Why Local Governments Struggle to Finance Infrastructure

Despite their central role, local governments often lack the financial tools to respond at scale. Their revenues are constrained by limited tax bases, rigid fiscal rules, and dependence on transfers from central governments. Large infrastructure projects, such as mass transit, water systems, flood protection, or resilient public buildings, require long-term financing that local budgets alone cannot provide. In developing economies, the gap is especially large: trillions of dollars are needed for low-carbon and climate-resilient urban infrastructure over the coming decades, yet actual financing flows fall far short, particularly for climate adaptation projects that protect communities but do not generate direct revenues.

How GSS+ Bonds Offer a Practical Solution

The report argues that green, social, sustainability, sustainability-linked, and other labeled bonds, collectively known as GSS+ bonds, provide a practical way for local governments to bridge this gap. These bonds allow cities and regions to raise long-term capital from investors while clearly linking borrowing to projects with environmental or social benefits. Green bonds can fund clean transport, renewable energy, water and wastewater systems, green buildings, and urban parks. Social bonds support housing, education, health care, and inclusion, while sustainability bonds combine both. Importantly, the report shows that local governments are also leading issuers of bonds for climate adaptation and resilience, financing flood defenses, drought-resistant water infrastructure, heat mitigation, disaster preparedness, and nature-based solutions.

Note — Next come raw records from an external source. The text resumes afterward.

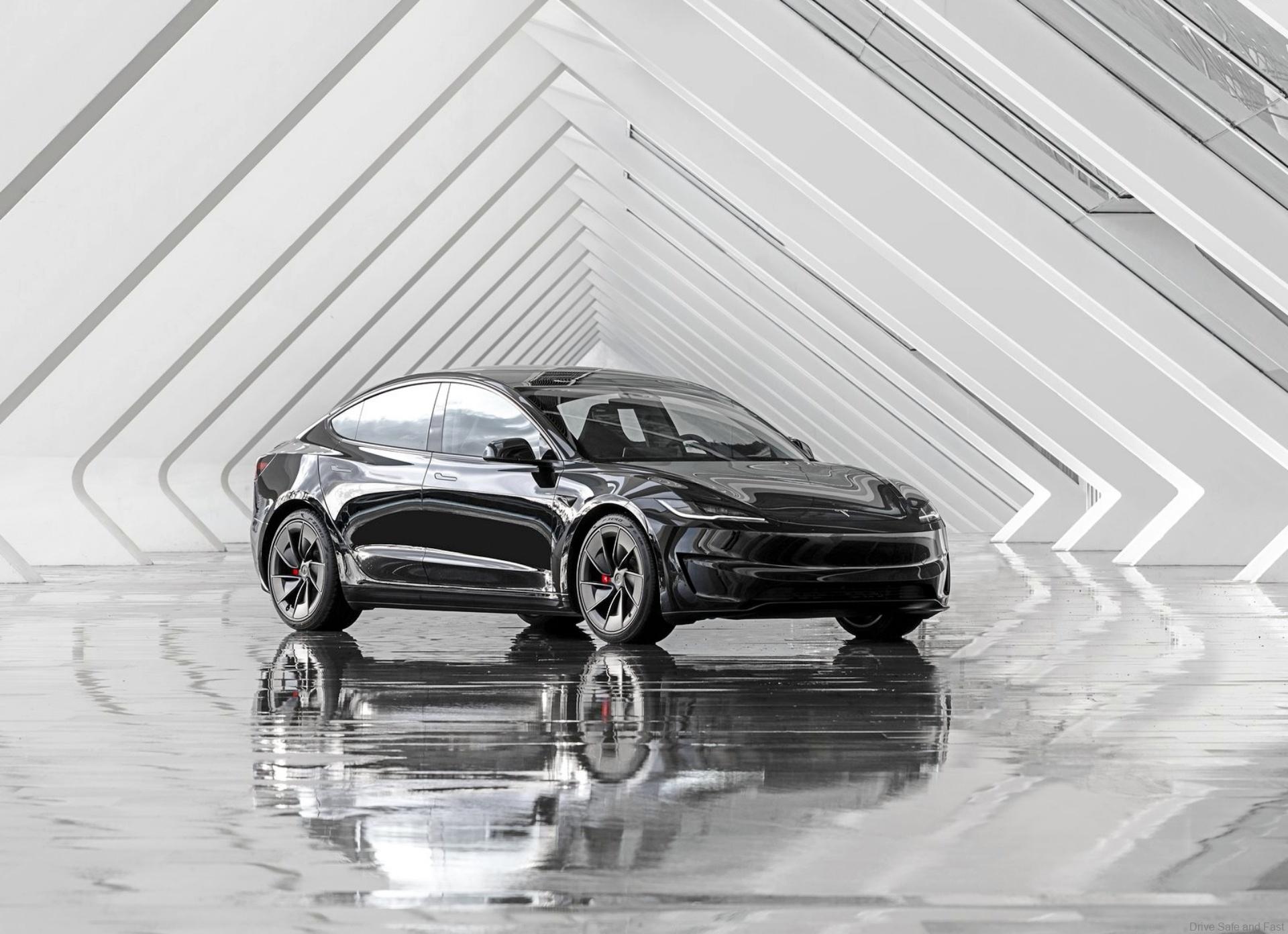 2024 Tesla Model 3 Performance with self driving capabilities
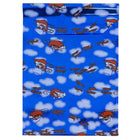 JAM Paper Enveloppe ouverte au bout avec revêtement intérieur et rabat droit, 6 1/4 x 7 7/8 po, bleu Noël, 100/pqt-Matériel : aluminium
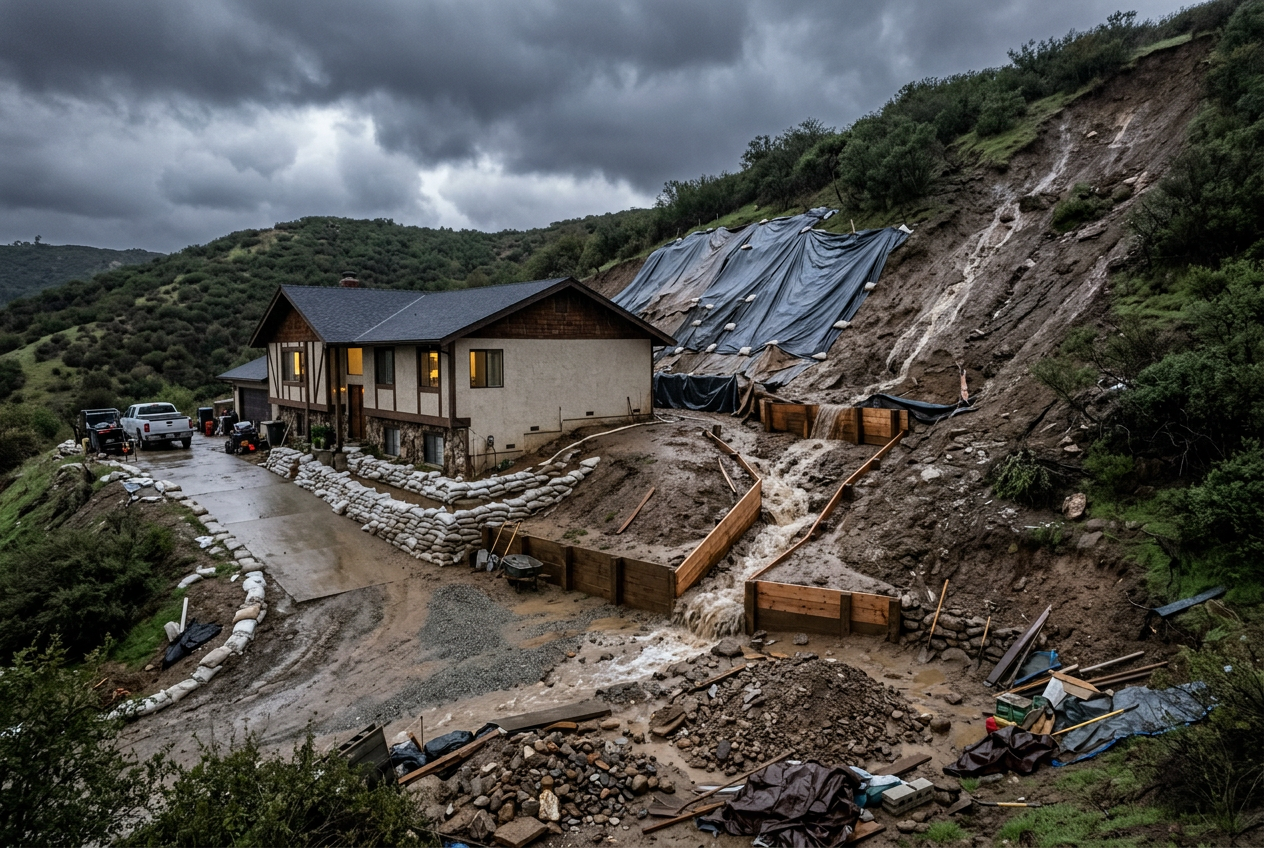 Historic El Niño Ahead: How California Hillside Households Can Prepare for Mudslides and Debris Flows (2026)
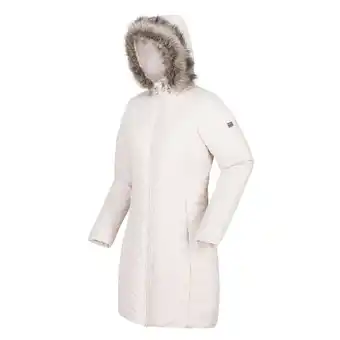 Decathlon Fritha geïsoleerde parka wandeljas voor dames - room wit aanbieding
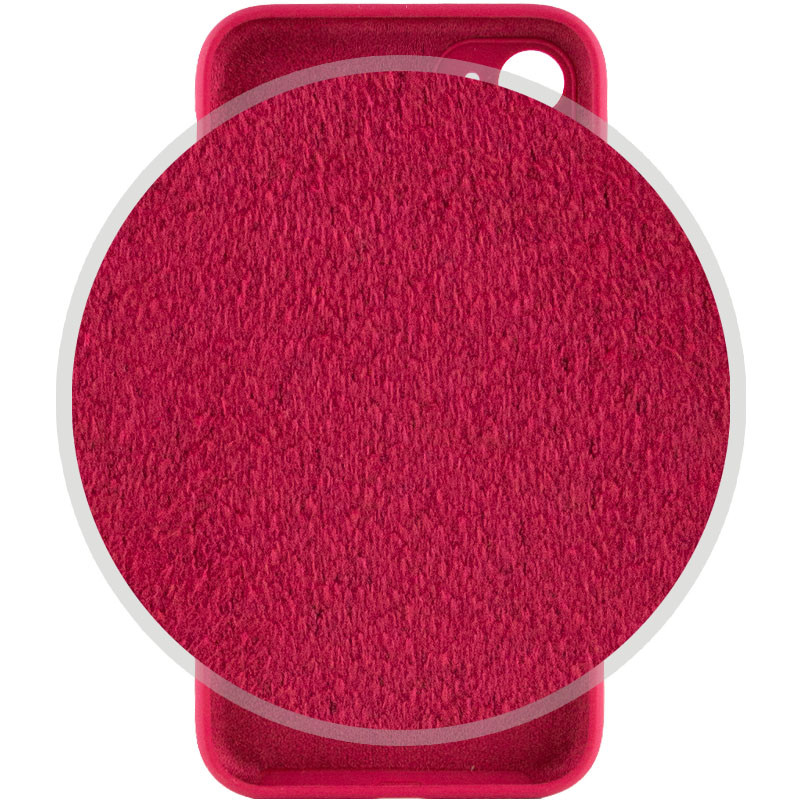 Фото Чохол Silicone Case Full Camera Protective (AA) на Apple iPhone 12 (6.1") (Червоний / Rose Red) в маназині vchehle.ua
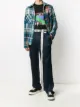 Image 2 of Off-White Stencil Arrows print plaid shirt
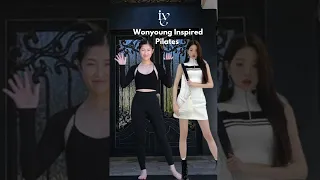 IVE Wonyoung Slim Legs Pilates 💕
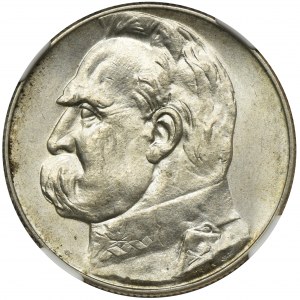 Piłsudski, 5 złotych 1934 - NGC MS62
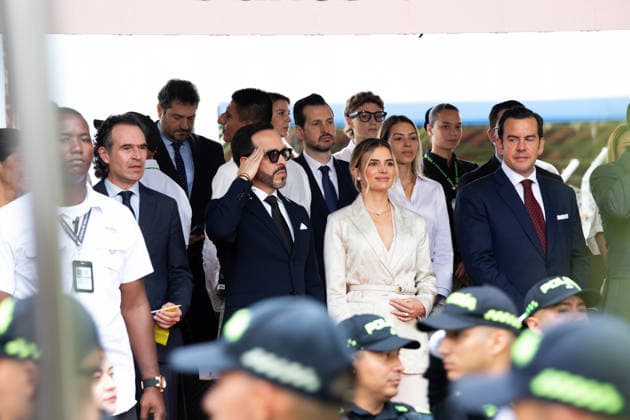 Colombia s president-elect Abelardo De la Espriella takes part during the Independence Day of Colombia military parade in Medellin, Colombia on July 20, 2026. Photo by: Camilo Moreno Long Visual Press Medellin Antioquia Colombia Copyright: xCamiloxMorenox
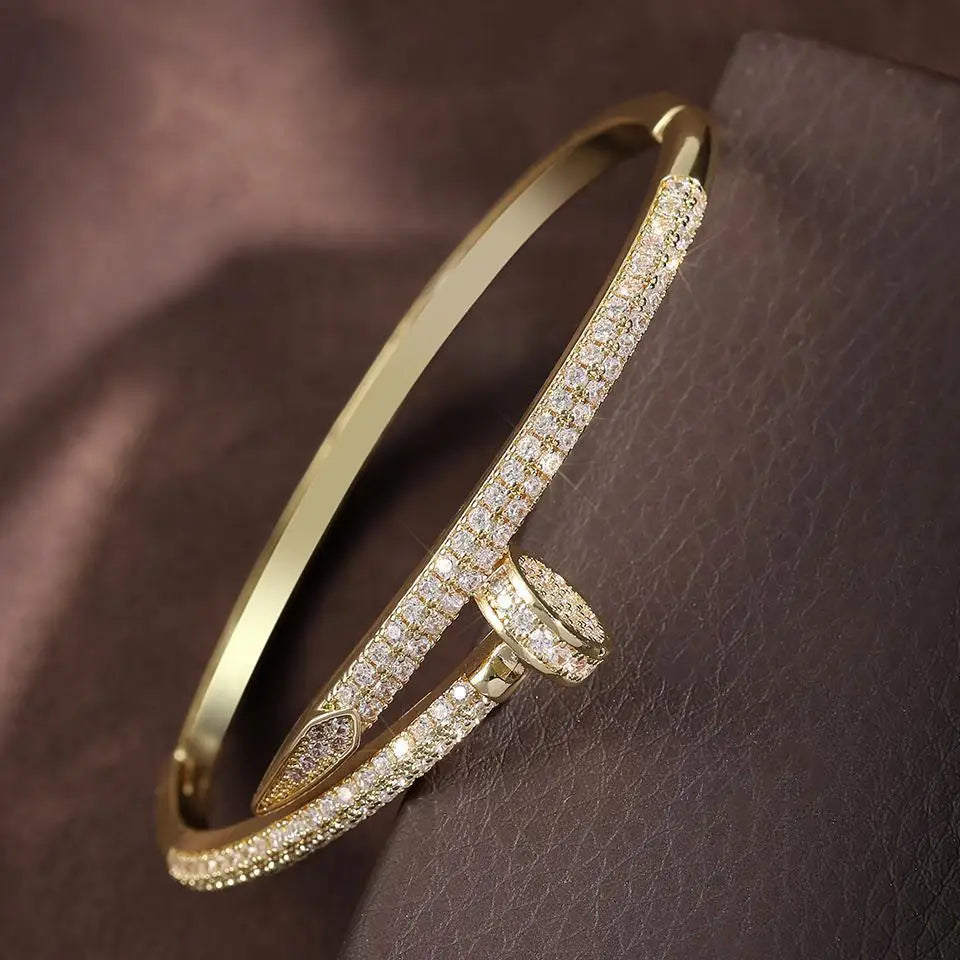 Diamond Nail Bracelet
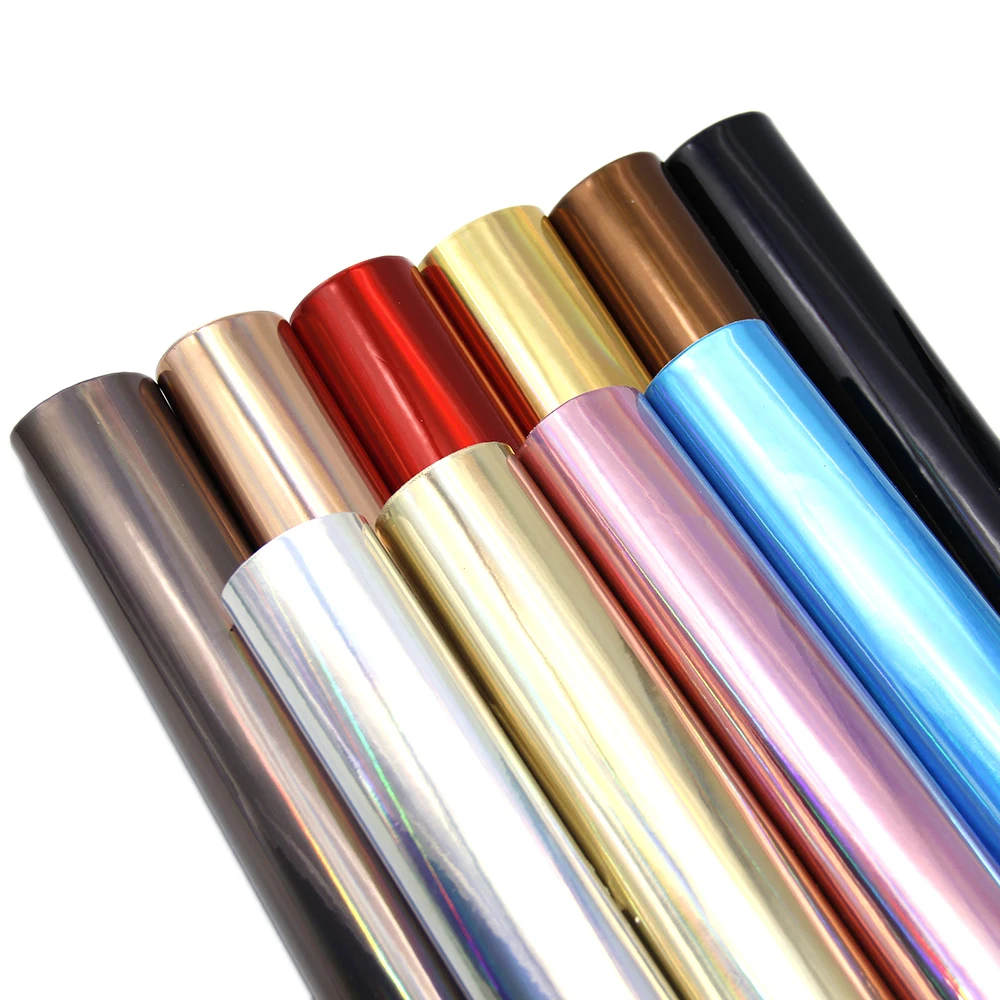 

David accessories 20*34cm Stripe Laser Holographic Faux Synthetic Leather Fabric, DIY Bag Shoes Material Handmade Crafts,1Yc6630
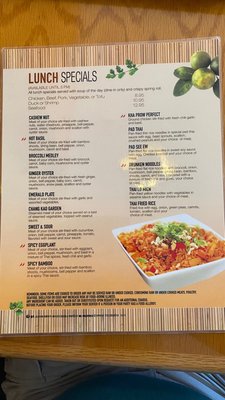 Menu photo 1 Chang Kao Thai Cuisine Bradenton, FL Menu photo 1 Chang Kao Thai Cuisine Bradenton, FL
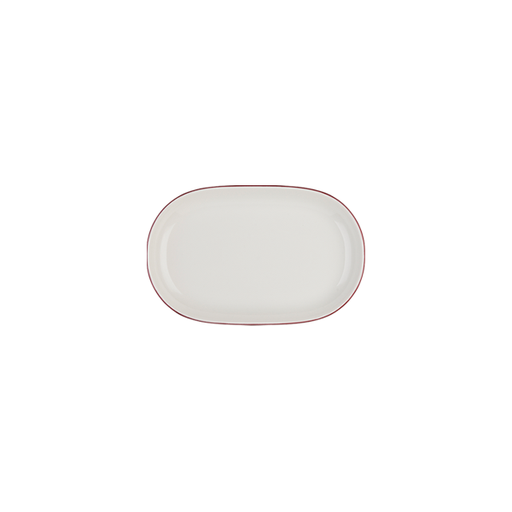 Modest Maroon Magnus Oval Kayık 23 cm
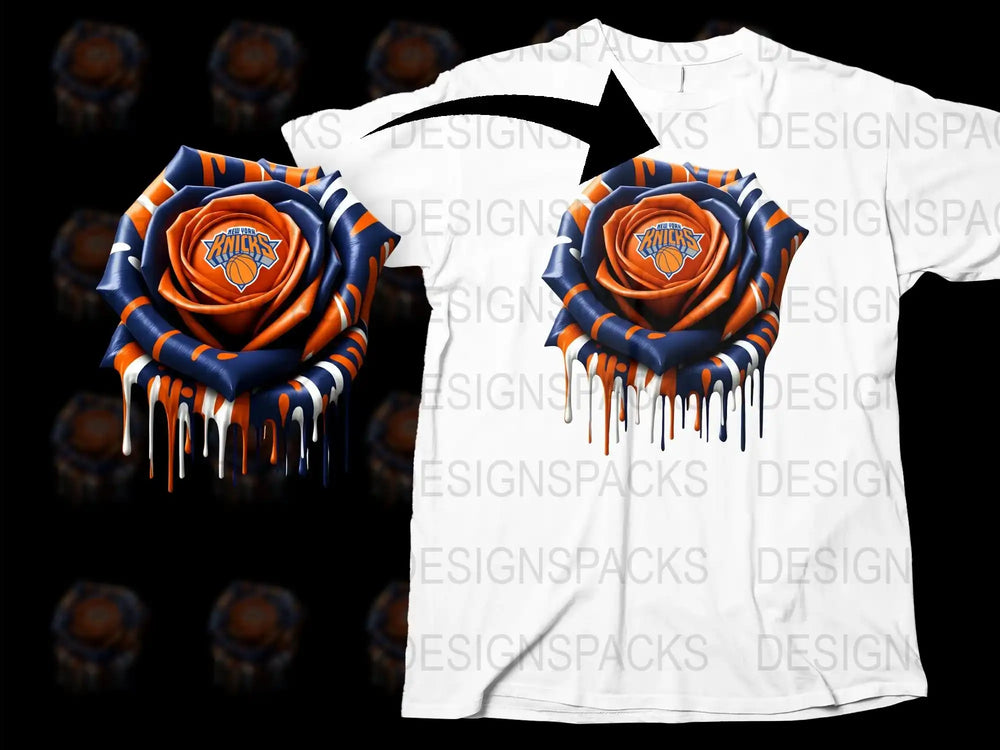 Men's Graphic T-Shirt Orange Blue Swirl Design Novelty Fashion Tee Unique Casual Wear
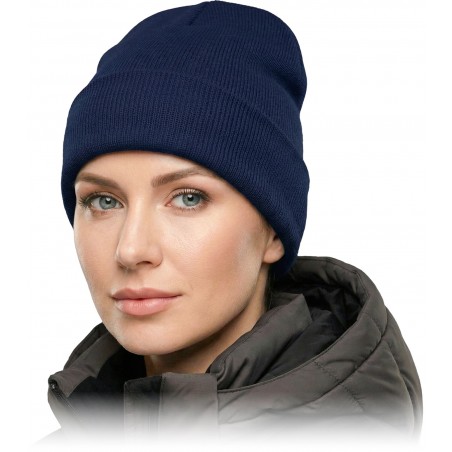 Czapka ochronna zimowa REIS CZBAW G granatowa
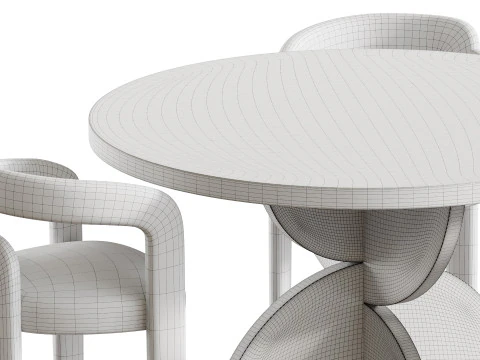 DUNFIELD table 3D Model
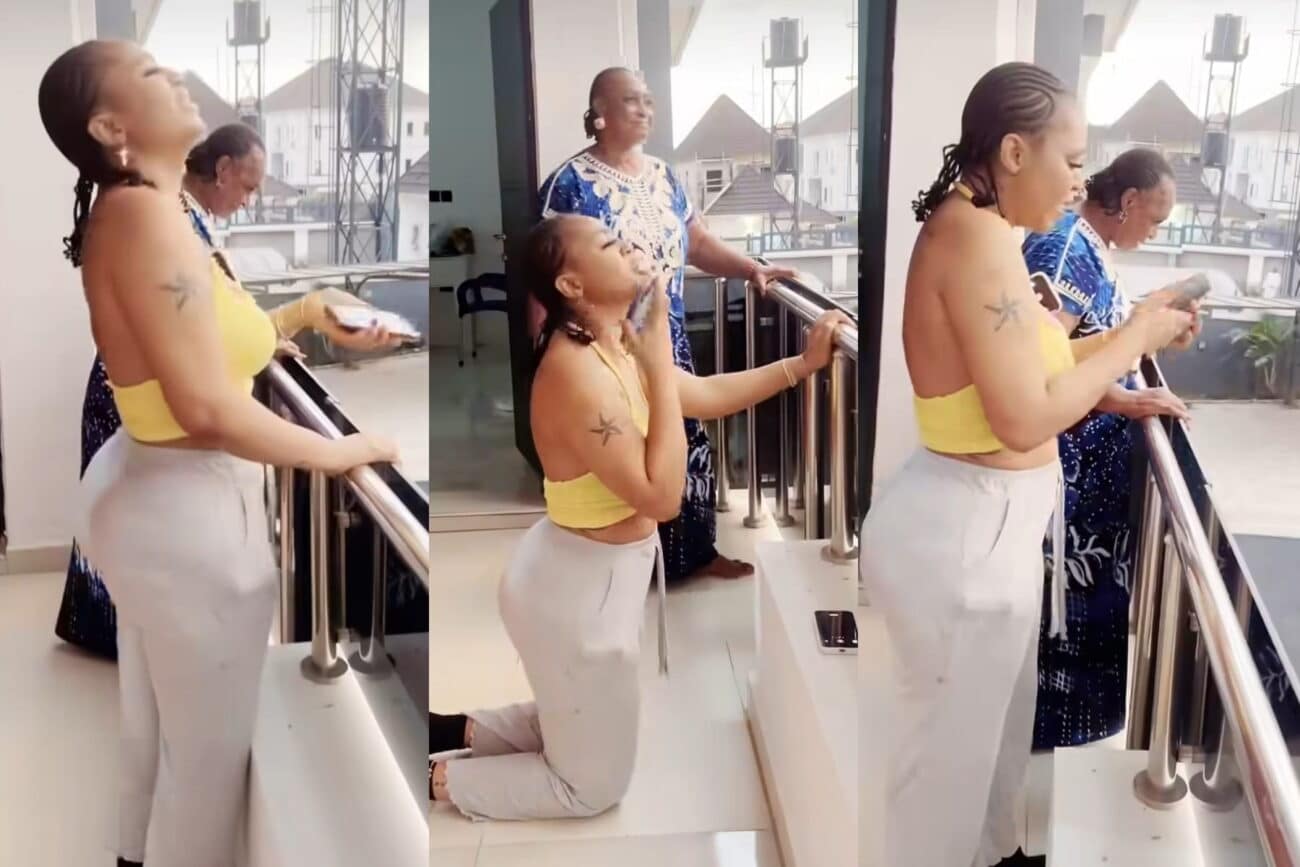Regina Daniels in tears over Mercy Johnson TV gift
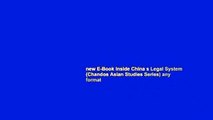 new E-Book Inside China s Legal System (Chandos Asian Studies Series) any format
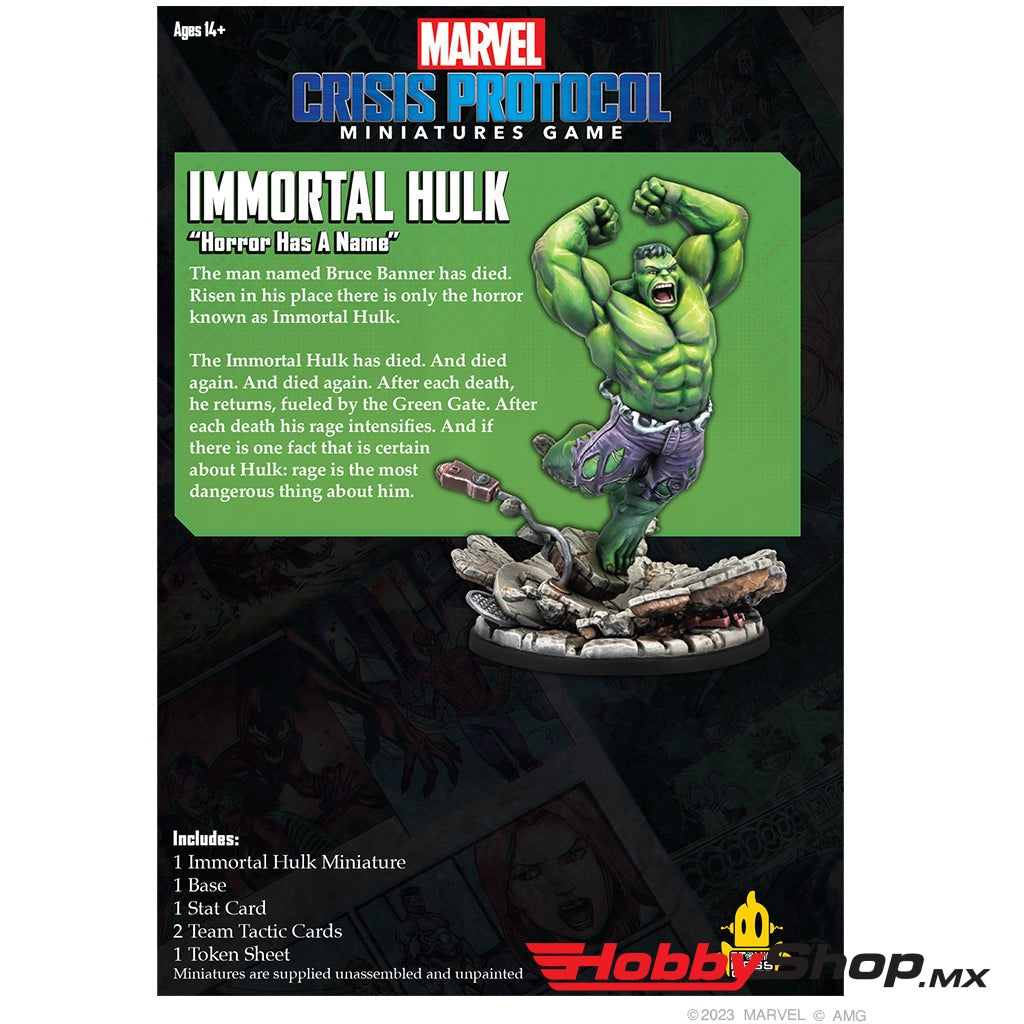 Asmodee - Marvel: Crisis Protocol Immortal Hulk En Existencia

In several advanced economies, GSS+ bonds already make up more than 10% of local government bond issuance, and emerging economies are beginning to follow the same path.

Building Markets and Pooling Strength

Issuing bonds successfully, however, requires strong foundations. Central governments must provide clear legal frameworks, borrowing rules, and disclosure standards that give investors confidence. Local governments need sound planning, accounting, and financial management, along with credit ratings and transparent communication with investors. For smaller municipalities that lack scale, the report highlights the importance of pooled financing institutions, such as municipal finance organizations. These entities, long used in Japan and Nordic countries, aggregate the borrowing needs of many local governments, issue bonds at scale, and on-lend funds at better terms. By pooling credit risk and expertise, they reduce costs, improve governance, and make sustainable finance accessible to smaller cities and towns.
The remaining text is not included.